* Recorded data *
[Start of Attachment]

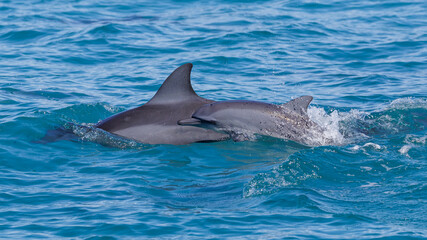 Fototapeta premium Spinner Dolphin in Hualien, Taiwan 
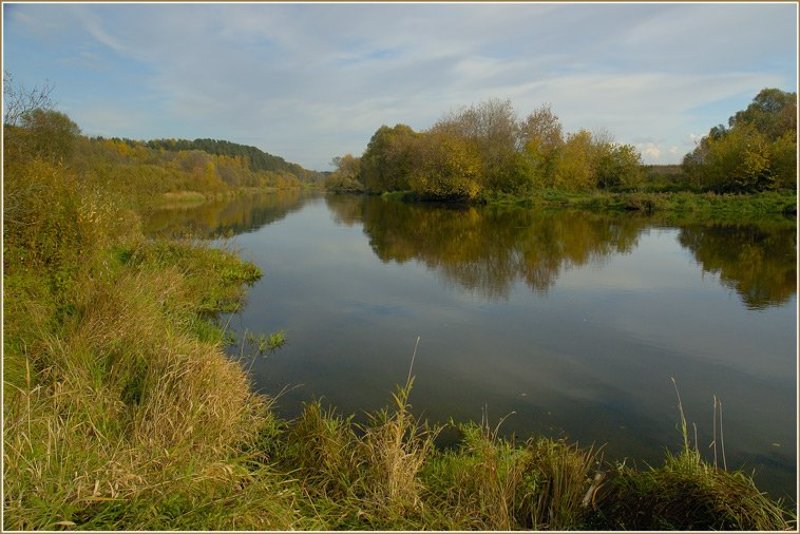 осень, сосны, лес, река Осень в подмосковьеphoto preview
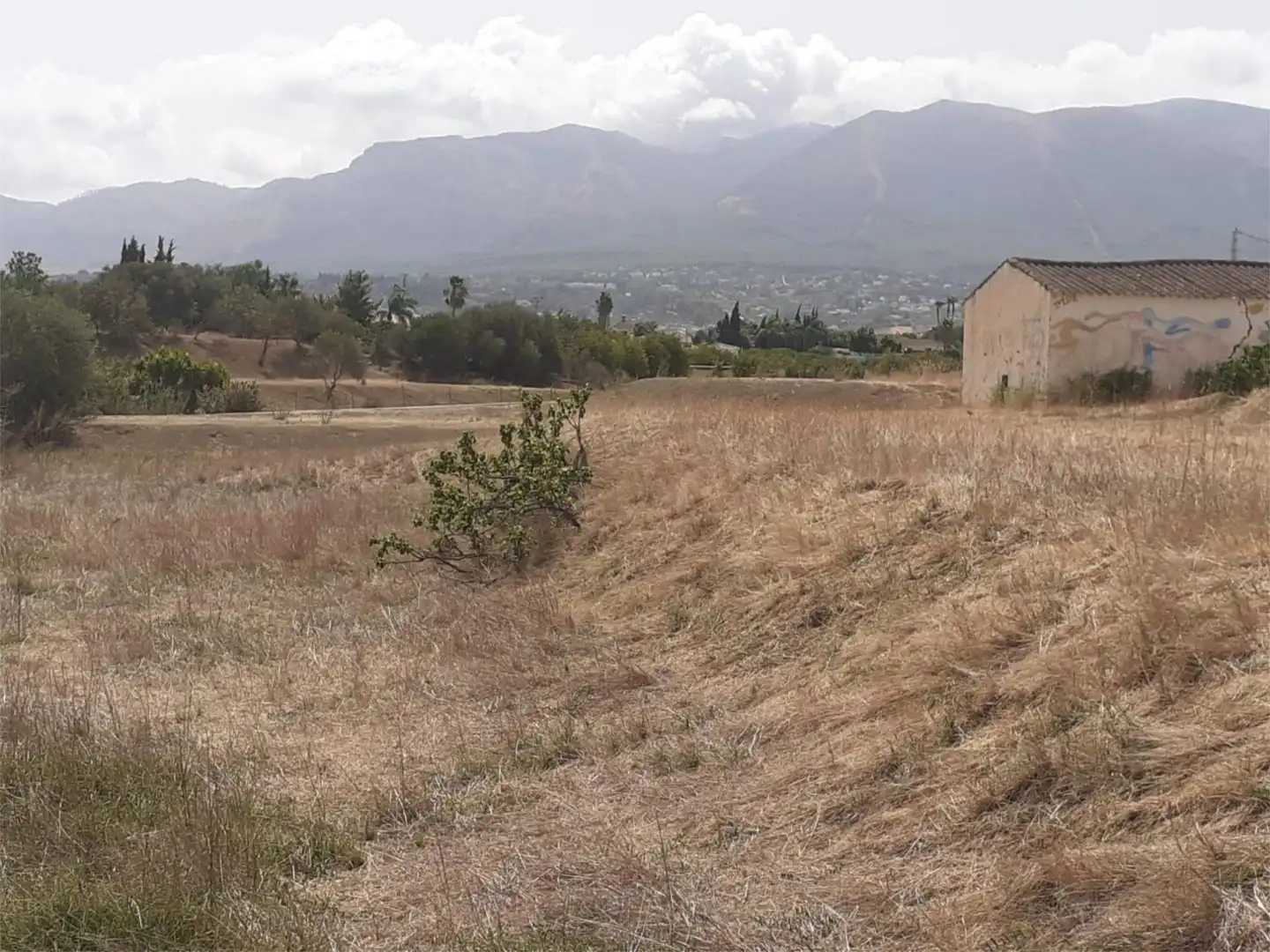 Finca rústica en  Urbanización Malvinas 12 - Foto 8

[End of Attachment]

* Directions *
Every line of the material must be repeated exactly; pictures stay out.

* Solution to this exercise *
 Fototapeta premium Spinner Dolphin in Hualien, Taiwan 
 осень, сосны, лес, река Осень в подмосковьеphoto preview
 Finca rústica en  Urbanización Malvinas 12 - Foto 8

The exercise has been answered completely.